Graduate Research Assistant (PhD Researcher) at Koç University, Materials Science & Engineering (2016-09 – 2021-12)
Thesis: High-Throughput Computational Screening of MOFs for Carbon Dioxide Capture and Hydrogen Purification. Supervisor: Prof. Seda Keskin Avcı. Research contributed to eight high impact publications.
- Performed atomistically detailed simulations on 10,000+ MOFs, identifying promising next-generation adsorbents and membranes for CO2 capture and H2 purification.
- Conducted structure property analysis across 50,000+ Grand Canonical Monte Carlo and Molecular Dynamics simulations.

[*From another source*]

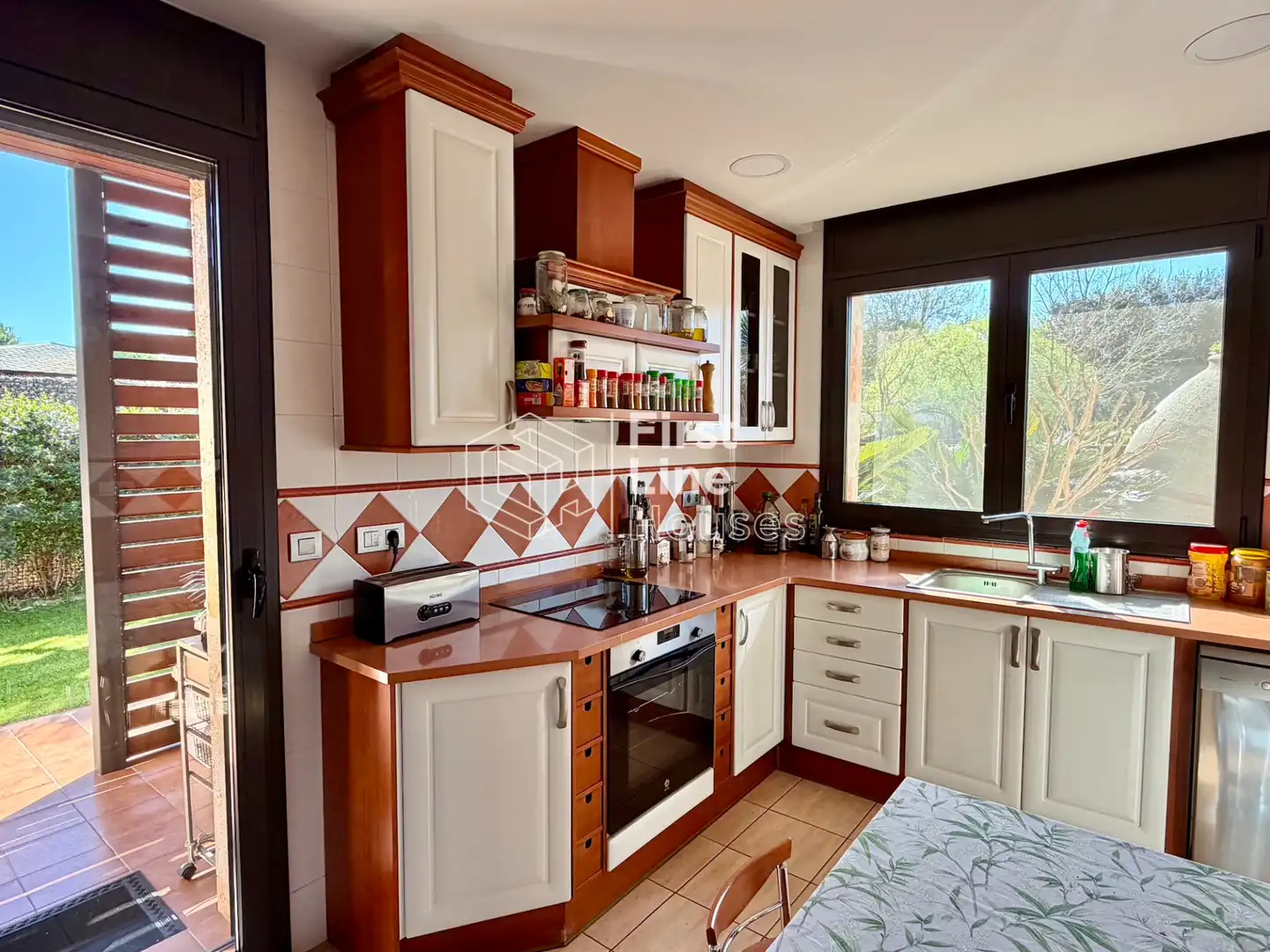 Cuina de Casa o xalet en venda en Vidreres amb Aire condicionat, Calefacció i Jardí privat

- Built large-scale datasets and screening workflows for crystalline framework materials, supporting benchmarking and ML ready structure-property analysis.
- Investigated the influence of metal site characteristics on gas sorption and diffusion in MOFs, helping inform new experimental strategies.
Graduate Research Assistant (MSc Researcher) at Sabancı University, Materials Science & Engineering (2013-09 – 2015-08)
Thesis: Investigation of machinability of green bodies of Solid Cast Alumina through the Addition of a Poly (Carboxylate Ether)-based Superplasticizer. Supervisors: Asst. Prof. Özge Akbulut; Prof. Yusuf Z. Menceloğlu.
- Formulated machinable ceramic green bodies via addition of PCE-based rheology modifiers; outcomes contributed to a European patent and a first-author paper.